Addressing an overflowing room, Hagey used the dramatic diversity of gecko toepads to motivate his central question–can this diversity in toepad morphology be explained by the habitat preferences and perch-use behaviour of these geckos in nature? But going down the path of ecomorphology led to a comparison with anoles: if gecko toepads correlate with their habitat, then what about gecko limb-lengths? Using relationships between limb morphology and perch-type from arboreal anoles as well as rock-dwelling skinks, Hagey left for Queensland, Australia, with three predictions:
1. Geckos with shorter limbs would perch on narrower surfaces
2. Geckos with longer limbs would perch on rocks
3. Geckos with higher clinging ability would perch on steeper perches.
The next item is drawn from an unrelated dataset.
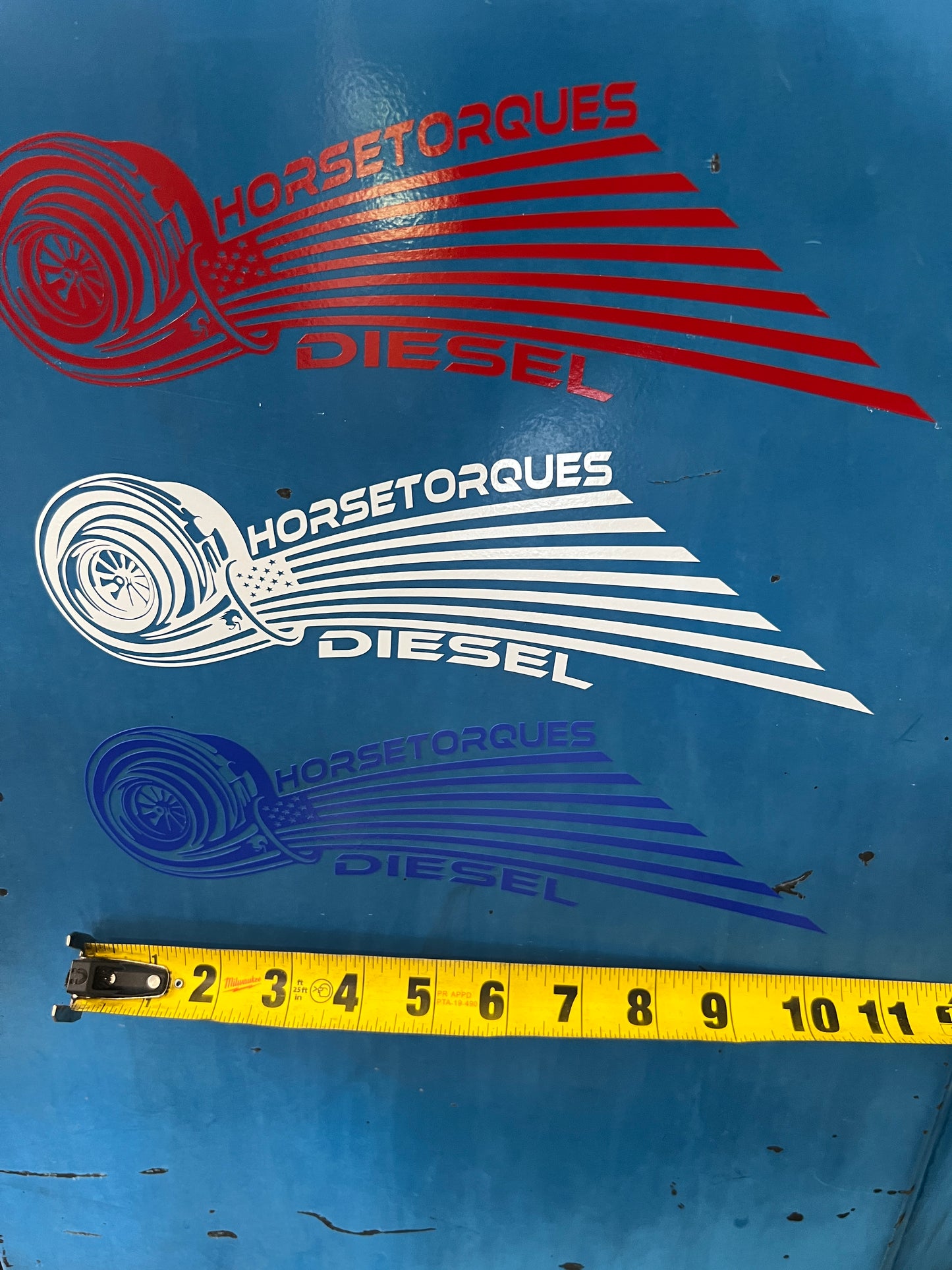 Horsetorques Diesel 10" Sticker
Utilizing a simple measure of lizard clinging ability (the “toe detachment angle,” which is the angle of the clinging surface away from vertical at which a lizard can no longer cling), as well as measuring perch characteristics and limb morphology for 13 species of geckos, Hagey began to look at patterns of ecomorphology. He found that different species occupied dramatically different habitats, with specialization even within the arboreal niche. Here’s what he found for each prediction:
1. Contrary to expectations, lizards perching on narrower surfaces had relatively longer limbs than average.
2. Having longer upper legs, however, correlated with rock use.
3. A higher clinging ability was correlated with having longer toes and shorter limbs. There was a qualitative or clade-specific relationship between the use of vertical perches and higher clinging ability.
Hagey speculated about the relationship between perch width and limb length in geckos, where he found the opposite pattern from anoles. One distinct possibility is that geckos have, on average, shorter limbs than anoles, meaning that a relatively long-limbed gecko and a relatively short-limbed anole may actually have the same body shape. Hagey is planning a taxonomically broad comparison of body shape and perch use, and hopes to include both geckos and anoles in this dataset–an exciting prospect that could shed light on some remarkable trans-continental convergences in lizard ecomorphology.